### What you need to do:
Give the data again exactly, from its opening line through the line in which "Black fluffy pet" appears.

:::

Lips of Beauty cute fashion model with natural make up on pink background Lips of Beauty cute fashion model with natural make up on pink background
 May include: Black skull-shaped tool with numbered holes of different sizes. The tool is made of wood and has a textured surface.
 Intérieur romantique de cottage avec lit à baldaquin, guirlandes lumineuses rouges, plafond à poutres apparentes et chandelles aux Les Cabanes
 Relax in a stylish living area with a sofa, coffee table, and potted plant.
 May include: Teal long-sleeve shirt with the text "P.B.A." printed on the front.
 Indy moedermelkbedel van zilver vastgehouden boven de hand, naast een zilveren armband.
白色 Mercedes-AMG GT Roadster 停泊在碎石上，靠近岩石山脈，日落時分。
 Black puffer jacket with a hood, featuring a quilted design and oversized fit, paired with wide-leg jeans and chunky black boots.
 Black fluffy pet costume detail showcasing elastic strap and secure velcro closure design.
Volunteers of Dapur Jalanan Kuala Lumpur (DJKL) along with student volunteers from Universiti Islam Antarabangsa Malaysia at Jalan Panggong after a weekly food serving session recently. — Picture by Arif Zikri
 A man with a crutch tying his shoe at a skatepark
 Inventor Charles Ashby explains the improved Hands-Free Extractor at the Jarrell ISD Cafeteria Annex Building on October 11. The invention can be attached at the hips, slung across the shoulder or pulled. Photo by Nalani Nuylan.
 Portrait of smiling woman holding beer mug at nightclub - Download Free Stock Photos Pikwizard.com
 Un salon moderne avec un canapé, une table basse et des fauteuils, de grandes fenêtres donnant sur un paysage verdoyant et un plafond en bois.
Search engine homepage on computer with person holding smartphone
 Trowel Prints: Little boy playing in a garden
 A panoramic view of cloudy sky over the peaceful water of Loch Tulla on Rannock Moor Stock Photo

:::

### Final answer:
Lips of Beauty cute fashion model with natural make up on pink background Lips of Beauty cute fashion model with natural make up on pink background
 May include: Black skull-shaped tool with numbered holes of different sizes. The tool is made of wood and has a textured surface.
 Intérieur romantique de cottage avec lit à baldaquin, guirlandes lumineuses rouges, plafond à poutres apparentes et chandelles aux Les Cabanes
 Relax in a stylish living area with a sofa, coffee table, and potted plant.
 May include: Teal long-sleeve shirt with the text "P.B.A." printed on the front.
 Indy moedermelkbedel van zilver vastgehouden boven de hand, naast een zilveren armband.
白色 Mercedes-AMG GT Roadster 停泊在碎石上，靠近岩石山脈，日落時分。
 Black puffer jacket with a hood, featuring a quilted design and oversized fit, paired with wide-leg jeans and chunky black boots.
 Black fluffy pet costume detail showcasing elastic strap and secure velcro closure design.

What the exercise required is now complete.